1994Chartered Semiconductor Manufacturing (now GlobalFoundries) established with EDB support
1995Jurong Island reclamation begins, merging seven southern islands into integrated petrochemical complex
2000Biomedical Sciences (BMS) initiative launched as fourth pillar of manufacturing
2001Philip Yeo moves to chair A*STAR; Ko Kheng Hwa becomes EDB managing director
2003Biopolis research complex opens in one-north
2006First Research, Innovation and Enterprise (RIE) plan launched with S$13.5 billion five-year commitment
2007Integrated Resorts (Marina Bay Sands and Resorts World Sentosa) approved, with EDB involvement in investment facilitation
2008Global Financial Crisis; EDB pivots to retaining existing investments and protecting jobs
2012Beh Swan Gin becomes EDB chairman
2014EDB launches Industry Transformation Programme
2016Committee on the Future Economy (CFE) report released; EDB role reaffirmed with emphasis on innovation
2017Industry Transformation Maps (ITMs) rolled out across 23 sectors
2018Enterprise Singapore formed from merger of IE Singapore and SPRING; clarifies EDB's investment promotion mandate
2020COVID-19 pandemic; EDB works to maintain supply chain continuity and retain investments
2021-2023Global semiconductor shortage drives renewed EDB focus on chip manufacturing investments
2023EDB attracts record fixed asset investments of S$13.8 billion
2024-2025Singapore AI strategy accelerated; EDB facilitates data centre and AI infrastructure investments
2025Jacqueline Poh serves as EDB managing director; continued focus on sustainability, AI, and advanced manufacturing

Section 4: Background and Context

The Entrepot Economy and Its Limits

Singapore in 1959, when the PAP took power, was an entrepot trading port with a narrow economic base.

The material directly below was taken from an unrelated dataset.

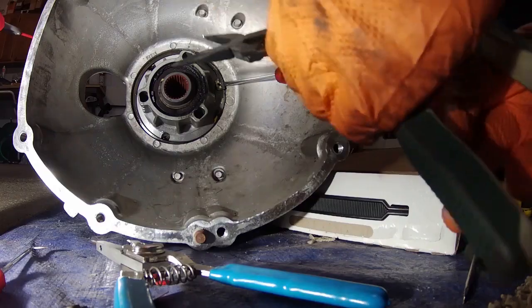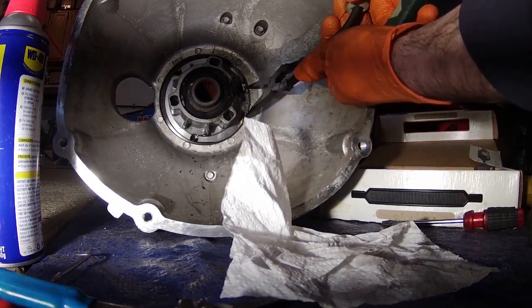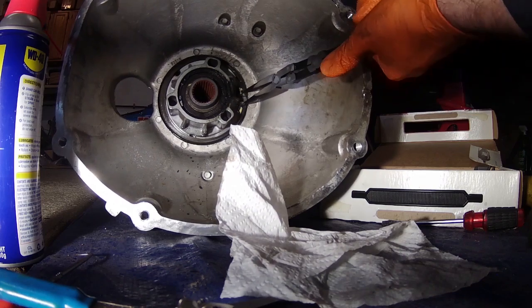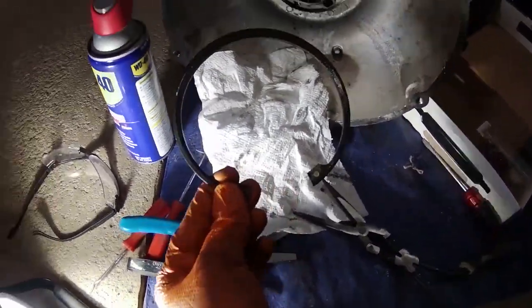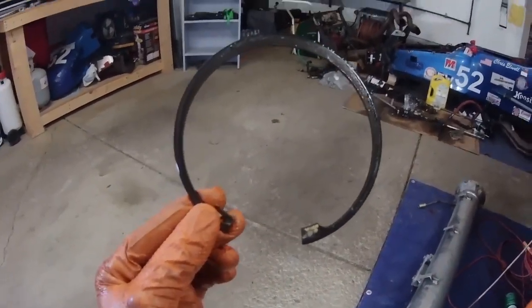This shows how I modified these pliers. If it doesn't show up well, I'll insert a picture. There's the gigantic snap ring. That thing is pretty big.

Approximately 70% of its GDP derived from trade and services related to its port function -- warehousing, sorting, grading, and re-exporting the primary commodities of the Malay Peninsula and the Indonesian archipelago. Manufacturing contributed less than 12% of GDP. Unemployment was estimated at 10-14%, with underemployment far higher. The population was growing rapidly -- from 1.6 million in 1957 to a projected 2 million by the mid-1960s -- and the baby boom generation was entering the labour force.

The colonial government had made limited attempts at industrial development. The 1955 Industrial Promotion Board existed but lacked capital, authority, and political backing. The Pioneer Industries Ordinance of 1959 offered some tax incentives but had attracted minimal investment. Singapore's industrial infrastructure was negligible: no industrial estates, no purpose-built factory space, no technical training facilities beyond basic vocational schools.

The Winsemius Mission

The critical catalyst was the United Nations technical assistance programme. In 1960, at Singapore's request, the UN dispatched an industrial survey mission led by Albert Winsemius, a Dutch economist who had overseen the post-war industrial reconstruction of the Netherlands. Winsemius arrived with a small team and spent several months studying Singapore's economic conditions, interviewing officials, and assessing potential.

The resulting report, submitted in early 1961, was foundational. Winsemius made several key recommendations. First, Singapore should pursue export-oriented industrialisation, not import substitution -- a prescient recommendation given that the dominant development economics thinking of the era (influenced by Raul Prebisch and the Economic Commission for Latin America) favoured import substitution. Second, the government should create a single, powerful economic development body with the authority to offer tax incentives, build industrial infrastructure, provide financing, and conduct investment promotion -- all under one roof. Third, Singapore should not remove the statue of Stamford Raffles from the waterfront, as a signal of continuity and stability to foreign investors. Fourth, the government should deal firmly with the communist threat, as political instability would deter investment.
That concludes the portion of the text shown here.